PLZF, a POZ protein, interacts with the cocaine-regulated NAC-1 protein independent of the NAC-1 POZ domain

PLZF, a POZ protein, interacts with the cocaine-regulated

NAC-1 protein independent of the NAC-1 POZ domain

Fleischer BR, Mackler SA

University of Pennsylvania, Veterans Affairs Medical Center, Department of Medicine

ABSTRACT

NAC-1 mRNA levels were selectively increased in the rat nucleus accumbens, a brain structure critical for drug self-administration, three weeks after chronic cocaine self-administration (Cha et al., 1997). The NAC-1 protein has an amino-terminal protein-protein interaction domain termed POZ [observed in other poxvirus and zinc finger family proteins]. POZ proteins interact with a diverse array of proteins. The POZ domain in other proteins has been shown to interact both with non-POZ proteins such as SMRT (Dhordain et al. 1997) and with POZ proteins such as Bcl-6 (Dhordain et al. 1997) and PLZF (Grignani et al. 1998). We hypothesized that NAC-1 affects gene transcription by binding to other POZ proteins in the brain. To test for PLZF and NAC-1 interactions, a co-immunoprecipitation was performed. Radiolabeled (pC17a.3b, DpC17a.3b) proteins with a (His)₆ epitope tag at their carboxy terminus, were incubated with radiolabeled PLZF. Following this, a monoclonal antibody against the (His)₆-tag was used in the immunoprecipitation. The results showed that PLZF was pulled down with either of the NAC-1 proteins. These results indicate that PLZF and NAC-1 interact independently of the NAC-1 POZ domain.

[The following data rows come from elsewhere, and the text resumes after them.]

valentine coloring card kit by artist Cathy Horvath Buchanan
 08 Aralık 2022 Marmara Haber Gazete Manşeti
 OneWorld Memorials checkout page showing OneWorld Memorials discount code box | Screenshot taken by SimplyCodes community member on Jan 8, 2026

Figure 1. Gel shows three in vitro translations on left and immunoprecipitation of PLZF on right with both NAC-1 and DNAC-1

The results indicate that NAC-1 interacts in vitro with PLZF through a non-POZ domain mechanism(Fig 1). Further experiments must pursue the nature of this interaction and whether it recurs between NAC-1 and other mammalian brain proteins

The co-immunoprecipitation result calls into question the purpose of POZ domain's dimerization property and how that represses transcription. Future experiments will be aimed at determining the necessity of the POZ domain for their interactions. We will pursue more detailed structure/function studies to see which regions of NAC-1 mediate the interaction with the studied proteins. Gel supershifts may be used to identify the same proteins from brain extracts, to confirm that the NAC-1 protein is present in vivo.

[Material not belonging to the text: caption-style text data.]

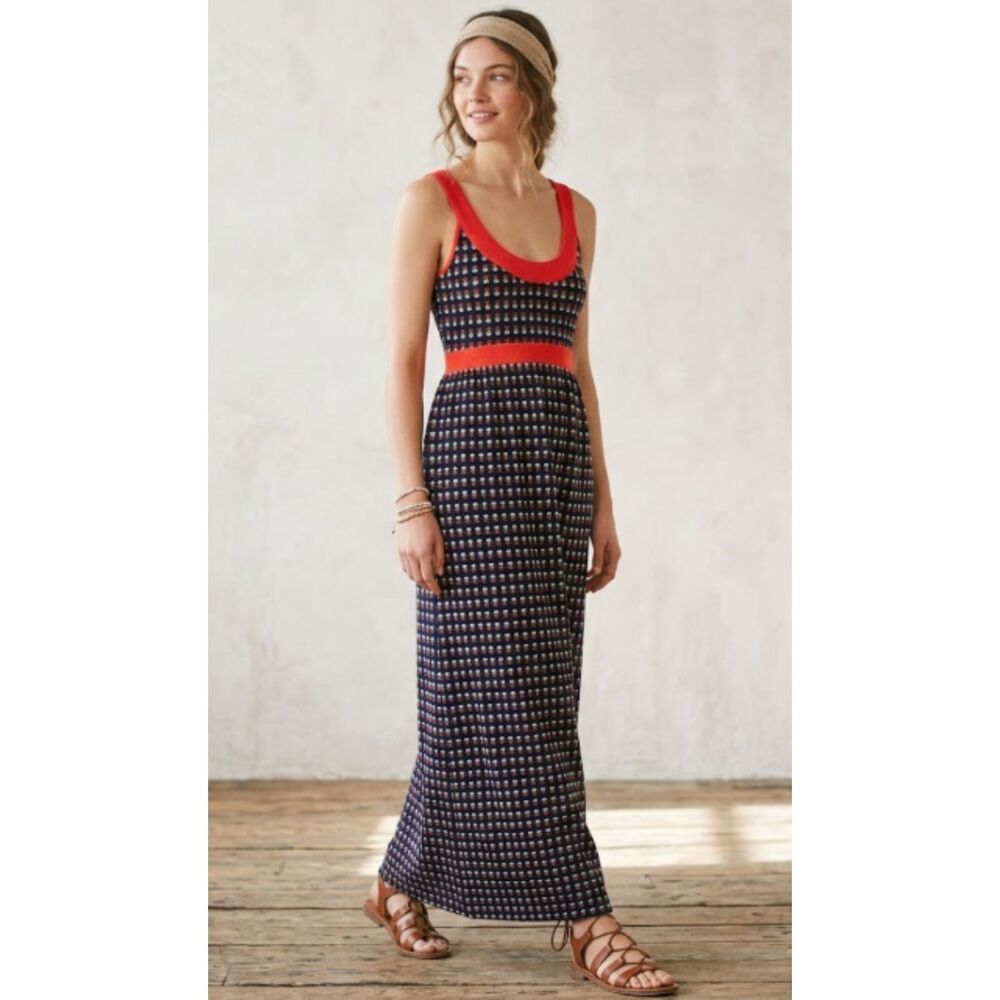 Sleeveless Navy Printed Maxi Dress with Red Trim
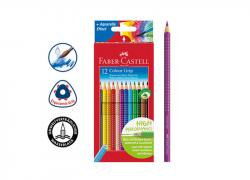 Комплект 12 броя акварелни моливи за рисуване GRIP Faber-Castell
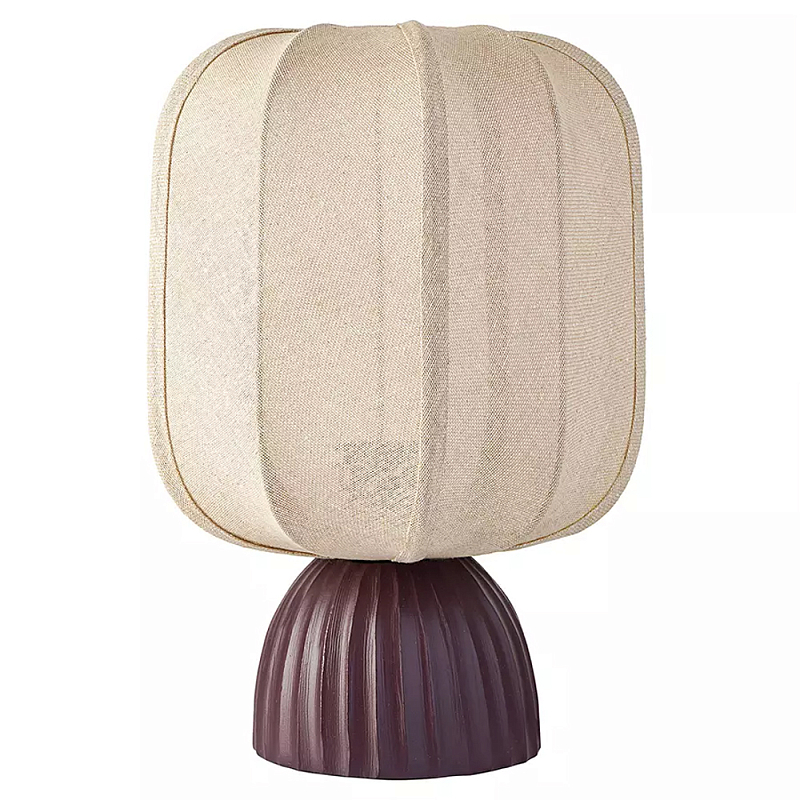 Настольная лампа с фактурным основанием и бежевым тканевым абажуром Modern Textured Table Lamp Бежевый Вишневый Настольная лампа с фактурным основанием и бежевым тканевым абажуром Modern Textured Table Lamp Бежевый Вишневый в Кирове | Loft Concept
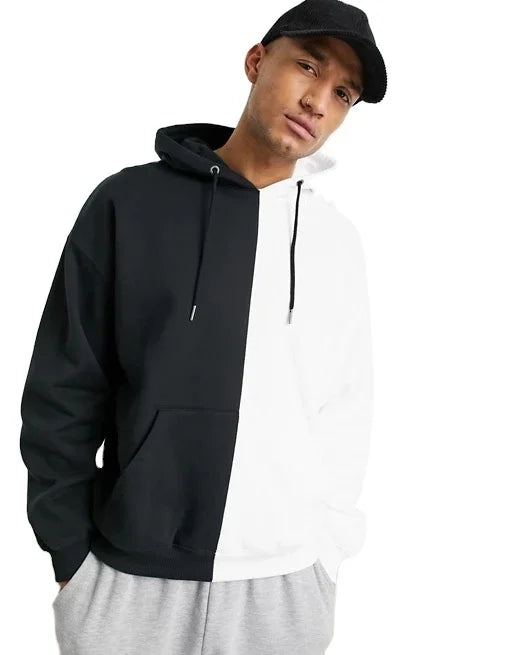KY Two Tones Colorblock Drawstring Hood Overhead Style Drop Shoulders Half White Half Black Pouch Pocket Ribbed Trims Hoodies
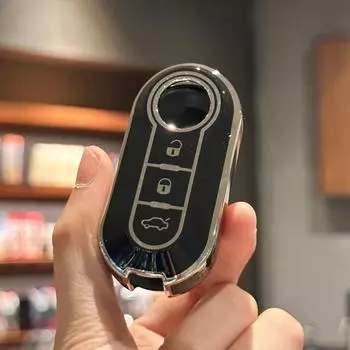 Чехол для ключей из ТПУ, брелок для Fiat 500, чехол для ключей Boyue Bravo, Iveco Olsen, чехол для дистанционного ключа от автомобиля чёрный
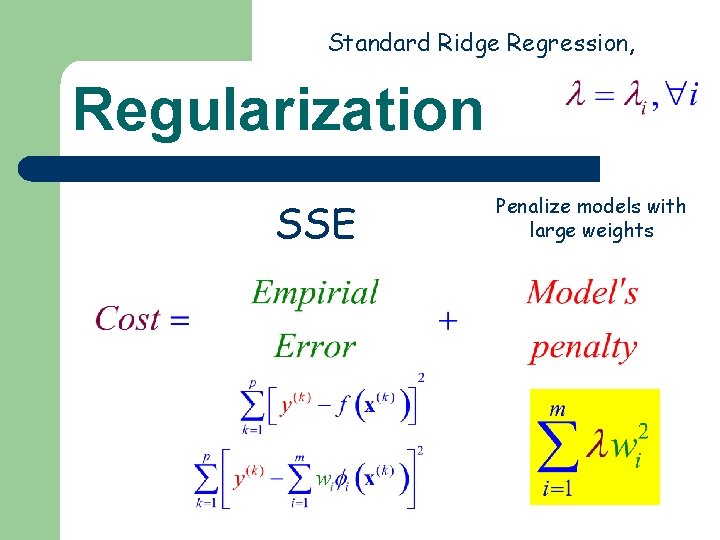 Standard Ridge Regression, Regularization SSE Penalize models with large weights 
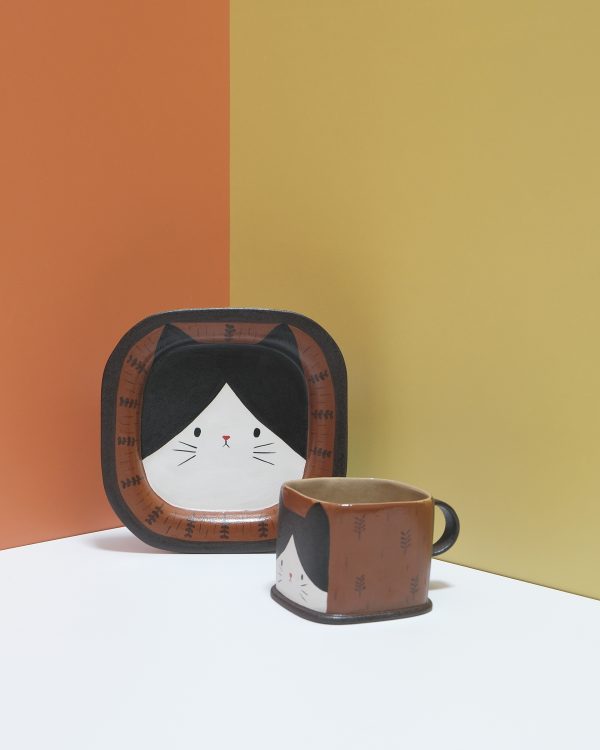 ねこのカフェラテマグ＆ソーサーセット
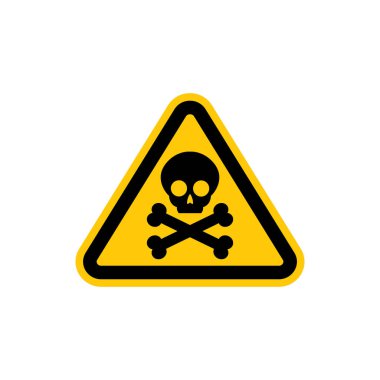 Kafatası ve kemik logosu dikkat çekme ikonu. Zehir sembolü. Düz Vektör illüstrasyonu. Ünlem simgesi olan vektör dikkat işareti. risk işareti vektör illüstrasyonu.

Huge thanks to my P.I. Dr. Scott Mackler for all his help, patience, and wisdom.

REFERENCES

Cha X-Y, Pierce RC, Kalivas PW, Mackler SA (1997) NAC-1, a rat brain mRNA, is increased in the nucleus accumbens three weeks after chronic cocaine self-administration. J Neurosci. 17:6864-6871.

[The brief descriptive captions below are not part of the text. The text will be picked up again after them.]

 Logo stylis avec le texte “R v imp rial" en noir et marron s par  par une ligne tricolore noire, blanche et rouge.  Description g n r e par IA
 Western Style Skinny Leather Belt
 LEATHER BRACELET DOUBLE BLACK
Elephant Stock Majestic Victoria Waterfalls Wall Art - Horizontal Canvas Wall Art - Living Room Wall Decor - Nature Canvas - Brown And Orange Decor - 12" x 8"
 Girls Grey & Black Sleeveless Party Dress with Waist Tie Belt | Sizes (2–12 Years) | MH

Dhordain P, Leprince D. (1997) Corepressor SMRT binds the BTB/POZ repressing domain of the LAZ3/BCL6 oncoprotein. Proc. Natl. Acad. Sci, USA. 94:10762-10767.

Gringani F, Minucci S & Pelicci PG. (1998) Fusion proteins of the retinoic acid receptor-a recruit histone deacetylase in promyelocytic leukaemia. Nature. 391:815-818.